Monday, the Special Prosecutor filed an interlocutory appeal in the Libby case under the special provisions of the Classified Information Procedures Act (CIPA) respecting the trial court's ruling on what the appropriate test is for providing Libby with classified material for his defense. As a result, a very substantial delay in resolving the case is possible.

§ 7. Interlocutory appeal

(a) An interlocutory appeal by the United States taken before or after the defendant has been placed in jeopardy shall lie to a court of appeals from a decision or order of a district court in a criminal case authorizing the disclosure of classified information, imposing sanctions for nondisclosure of classified information, or refusing a protective order sought by the United States to prevent the disclosure of classified information.

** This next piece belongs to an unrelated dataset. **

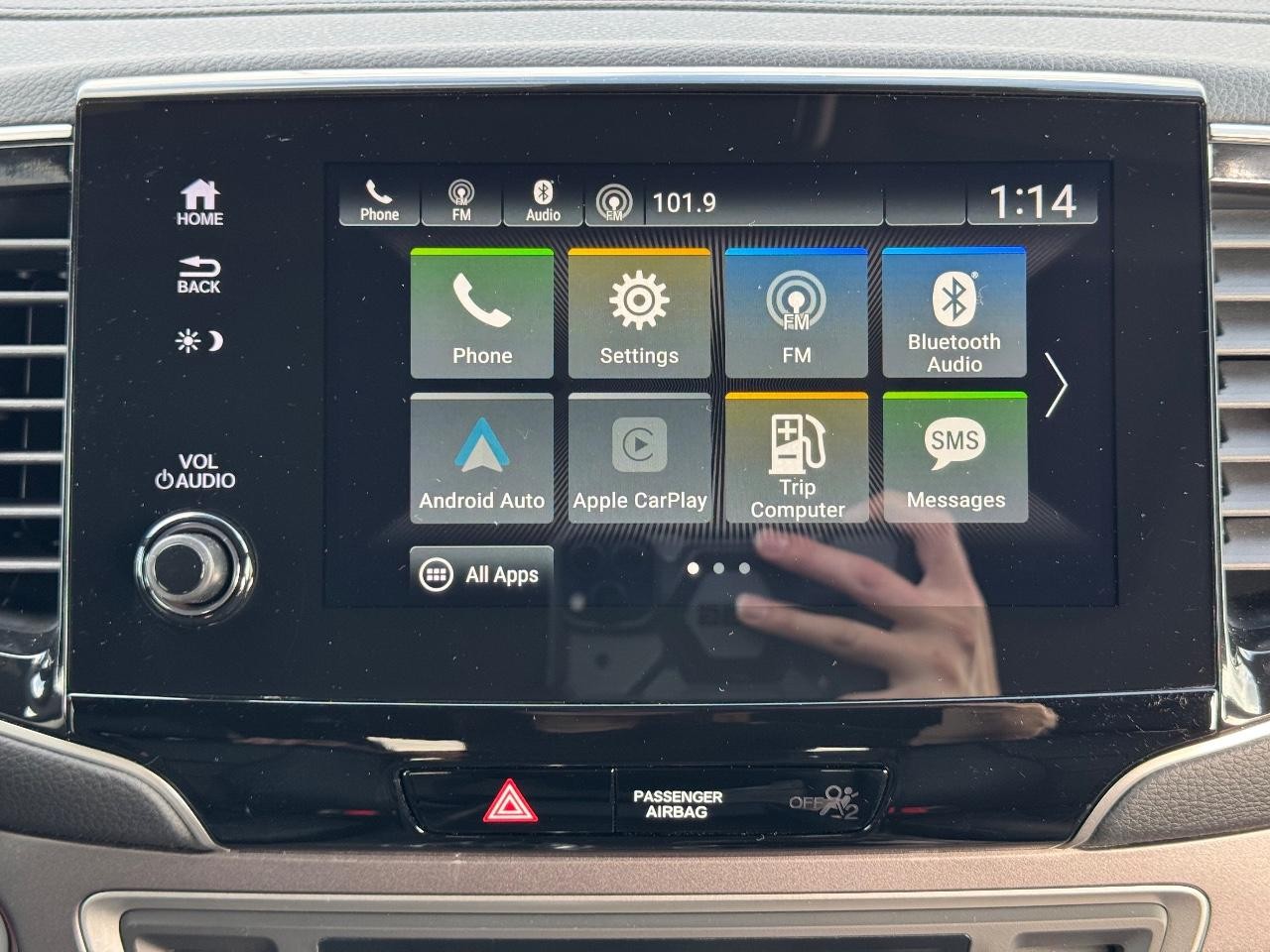 Honda Passport Vehicle Full-screen Gallery Image 13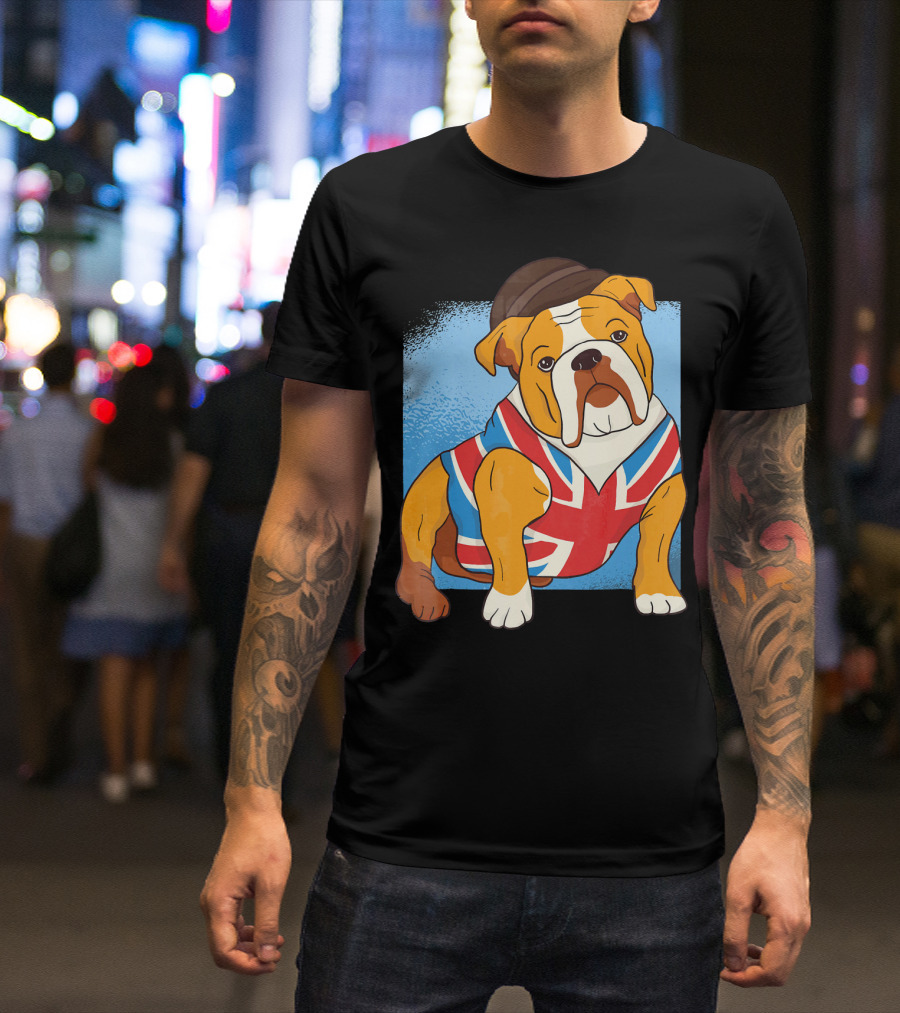 English British Bulldog Wearing Union Jack And Bowler Hat For Funny Dog Owners T-Shirt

(b) An appeal taken pursuant to this section either before or during trial shall be expedited by the court of appeals. Prior to trial, an appeal shall be taken within ten days after the decision or order appealed from and the trial shall not commence until the appeal is resolved. If an appeal is taken during trial, the trial court shall adjourn the trial until the appeal is resolved and the court of appeals

(1) shall hear argument on such appeal within four days of the adjournment of the trial,

(2) may dispense with written briefs other than the supporting materials previously submitted to the trial court,

(3) shall render its decision within four days of argument on appeal, and
(4) may dispense with the issuance of a written opinion in rendering its decision. Such appeal and decision shall not affect the right of the defendant, in a subsequent appeal from a judgment of conviction, to claim as error reversal by the trial court on remand of a ruling appealed from during trial.
JOM commenter cboldt has been watching this development and on his own website  notes that it is possible this appeal may substantially delay the case.


The timeline for resolution of the pre-trial interlocutory appeal is indefinite, and depends in part on the workload at the Circuit Court for the District of Columbia.

In the case of James H. Giffen in the Southern District of New York, the government took an interlocutory CIPA Section 7 appeal to the 2nd Circuit on October 25, 2005.

Invoking the interlocutory appeal provision contained in §7 of CIPA, the government appealed the district court's decision. Government briefs filed with the U.S. Court of Appeals for the Second Circuit stated that prosecutors may be forced to drop the case against Mr. Giffen because of Judge Pauley's decision allowing Mr. Giffen to present a public authority defense.

The government asserted that many of the highly classified documents sought by the defense were irrelevant and that Mr. Giffen's review of the top-secret information would jeopardize national security interests and place the government in an "untenable" position. The defense responded simply that Mr. Giffen believed himself to be working for the CIA and other U.S. government agencies and, therefore, is entitled to assert a public authority defense.
Oral argument in that appeal was heard on Jan. 25, 2006, and as of October 26, 2006, the 2nd Circuit had not rendered its decision.